By Charles Pekow — Like everywhere else, the pandemic wreaked havoc upon bicycling in the Navajo Nation. But the Navajos also did their best to turn the crisis of health and social activity into an opportunity to get citizens out on bicycles.
The Navajo Indian Reservation encompasses more than 27,000 square miles in Arizona, New Mexico, and Utah, making it the largest American Indian land in the United States. Despite the COVID lockdown, the Navajo Nation has kept up its long-standing efforts to get its members out on bicycle. When the lockdown hit back in 2020, NavajoYES, a youth-serving non-profit, increased its efforts to get kids on bikes.
The nation had been promoting bicycling well before. NavajoYES had been promoting bicycle donations, races, and other events since the early 1990s. In 2015, community groups founded the Navajo Trails Task Force, which was ready to help out when COVID hit. It published a guide to biking on the lands (http://navajoyes.org/trails-initiative/). When social rides became unsafe, it came in handy.

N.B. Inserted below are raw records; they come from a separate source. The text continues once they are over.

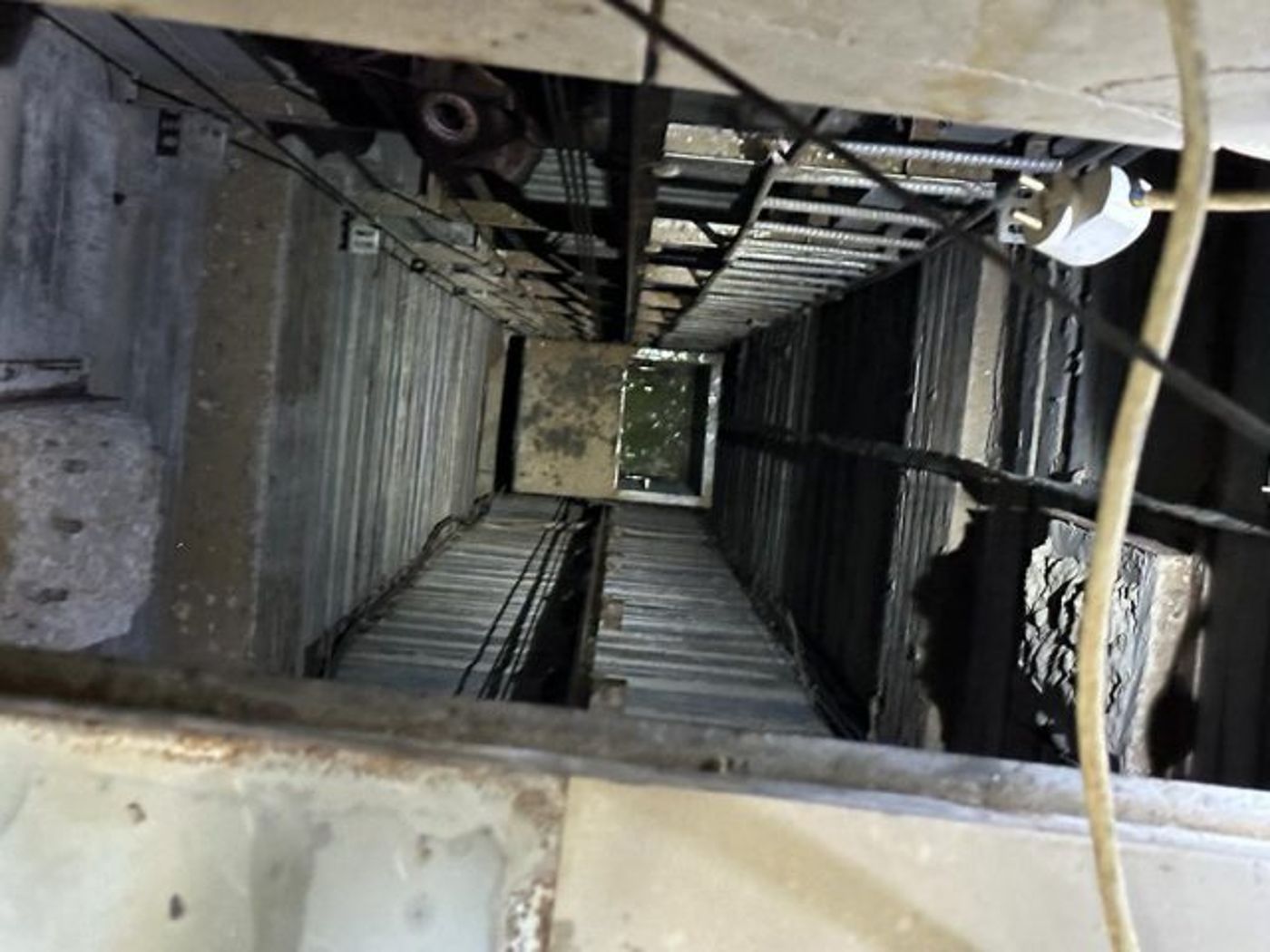 צפו: לוחמי צה"ל איתרו מנהרה עצומה ומאגרי נשק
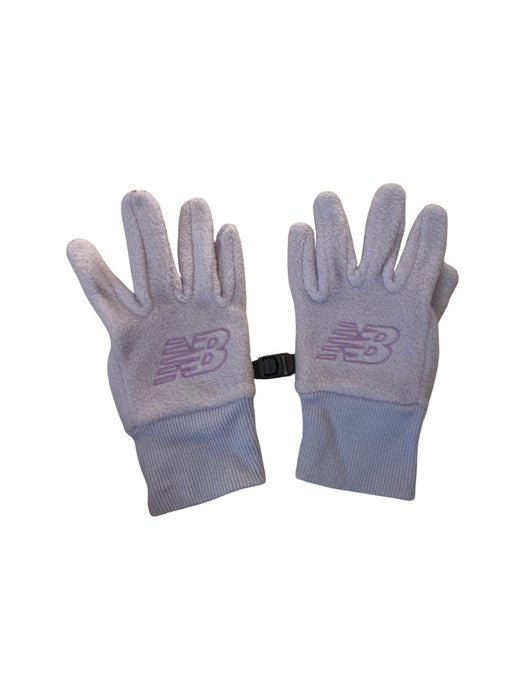 A Purple Gloves & Mittens from New Balance in size 5T for neutral. (Front View)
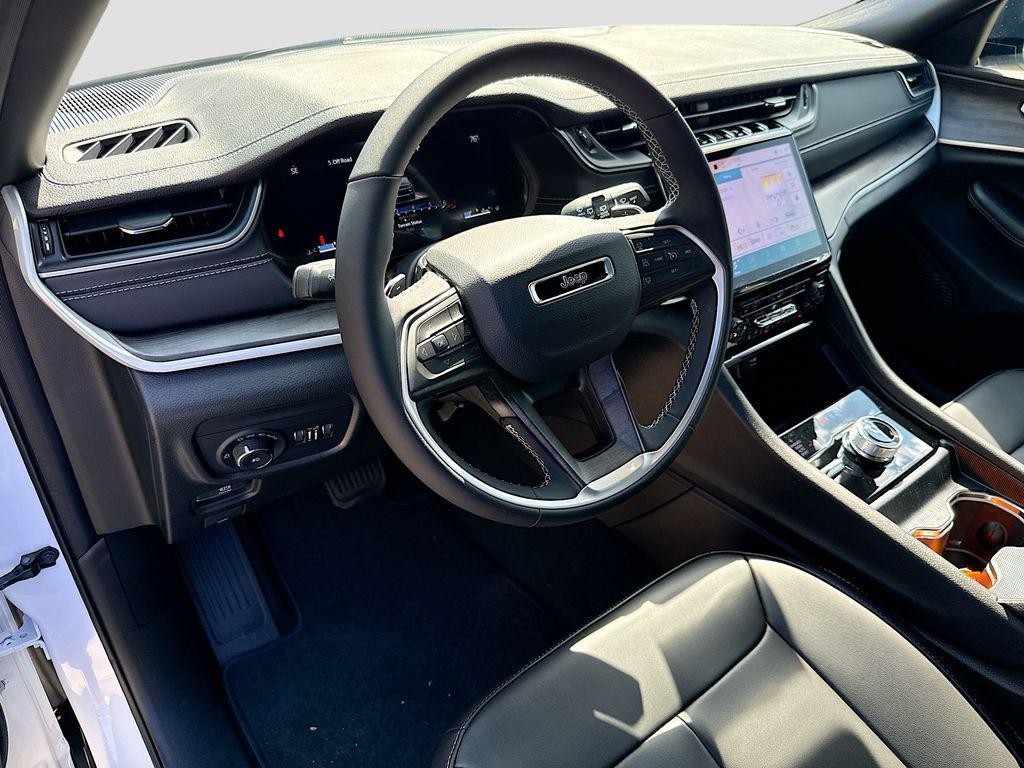 new 2025 Jeep Grand Cherokee car, priced at $39,900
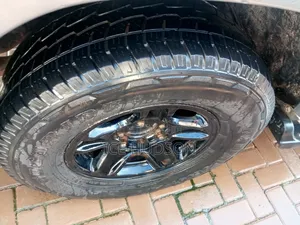 Toyota Land Cruiser Prado 2011 Green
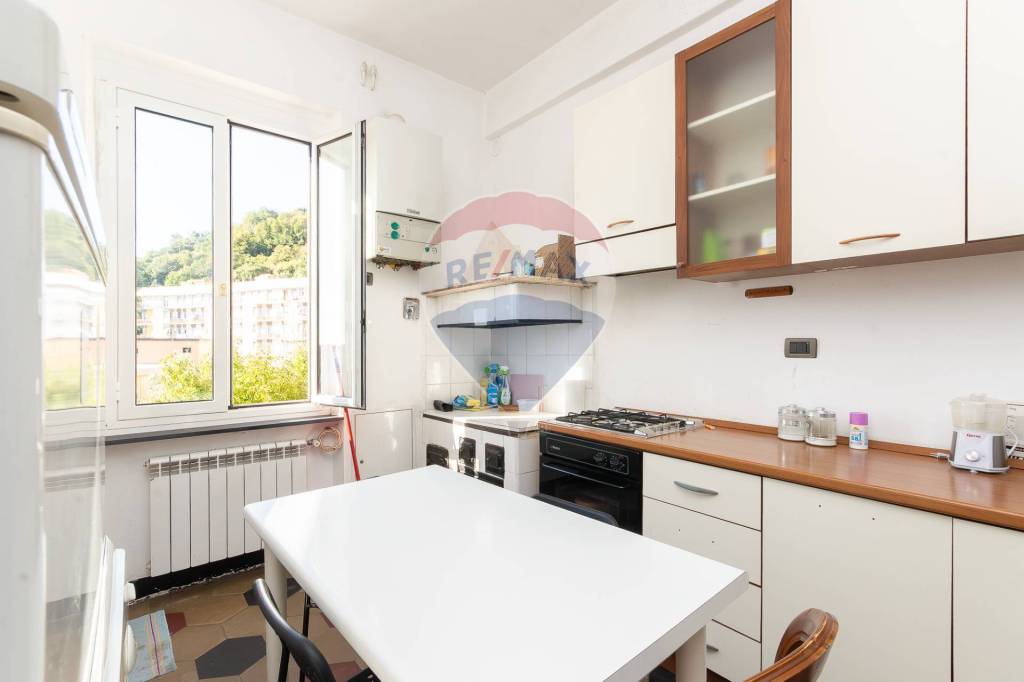 appartamento in vendita a Genova in zona Staglieno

And now the reservation is working on creating the first rail-to-trail conversion on Native American lands with the help of the Rails-to-Trails Conservancy (RTC). A rail line built to transport coal from the Black Mesa coal mine to the Navajo Generating Station was decommissioned in 2019. NavajoYES jumped on the chance to turn it into a multi-use trail, which could run 60-80 miles and pass-through multiple villages. The local economy depends heavily on recreation and tourism and a recreational trail could bolster such business.
The project presents a new challenge for RTC (of which I am a member). It is the first (and perhaps prototypical) effort to convert an abandoned rail line into a recreational trial entirely on Native American land. Often when converting a trail, proponents must deal with multiple property owners and governments. “A key piece we learned is that in a project like this, there has to be unanimity of support by landowners. If a landowner along the corridor says, “This doesn’t work for me; I’m not supportive of it,” then it’s a no go,” says Eric Oberg, RTC’s Midwest regional director. In this case, it deals mainly with the tribal apparatus as both property owner and government. On the one hand, this simplifies the process. On the other hand, RTC has to learn the specific needs, procedures, and structures of tribal communities.
“It’s still in early stages, but it’s a super exciting project for them,” Oberg says. The proposal is moving ahead slowly. “I haven’t talked to anybody in three or four months,” he says. “Politics is different on a reservation. We’re learning. We’re providing technical expertise” and reaching out to the public and seeing what federal funding may be available. “This project will be a case study and precedent on how other reservations and tribal governments can and why they should do multi-use trail development.”
Currently, the Navajo Nation counts 34 trails of various types and lengths in various stages of planning, development, and use, ranging from community trails to long-distance routes, park trails and school-based ones, some designed for mountain bikes.
While the parties haven’t worked out details, the state of Arizona has offered some funds from the American Rescue Plan Act (pandemic relief) to build trails on the reservation over the next two years.
Beyond its trail projects, NavajoYES operates its Diné Bike Project, which fixes donated bicycles and gives them to school children, a project set back by the pandemic, says Program Coordinator Aaron Beauford. (Navajos call themselves the Diné, which translates as “the people” or “children of the holy people.”)
“The challenge we’ve been through since COVID was trying to get back into local schools,” Beauford says. “We used to visit a lot of schools (and sponsor bike rides). We can’t do that nowadays.” The project employs two mechanics to fix bikes and tries to work with others. Donations include all sorts of bikes for all ages: “little kids” bikes, mountain bikes, road bikes. We’ve got something for just about everyone,” Beauford says. In April, Beauford said the project included about 300 bikes in its inventory and has given away about 60 so far this year.
Also, in March, Eve’s Fund, a Navajo youth-serving non-profit, donated 100 helmets for the project. Each child who gets a helmet makes a pledge to wear it whenever riding.
When conditions permit, NavajoYES also sponsors events such as bike races (http://navajoyes.org/dine-bike-project/). NavajoYES plans to sponsor several events this year at dates to be determined, including the Tour de Rez Cup Series and the Chuska Challenge Mountain Bike Race, which has been going on 28 years and usually takes place in September.
The Indian Health Service (IHS) is trying to pick up the ball and expand biking at schools in villages in the Arizona section of the Diné lands. “Many of the bikes were expensive and hard to keep up,” explains Genevieve Notah, associate director of the Office of Program Planning and Evaluation of the Navajo Area Indian Health Service. IHS efforts hit a series of setbacks. “Because of COVID, not much really happened,” Notah explains. A lack of staff delayed recent efforts. Last winter, IHS decided time was ripe to get youth into social biking again. It solicited bids for a contractor to work with 20 schools on youth bike rides and repair clinics as part of the school health program. But the effort faced another setback when the contacting official left to take another job. So IHS withdrew the request which it wants to reissue at an unspecified date, Notah says.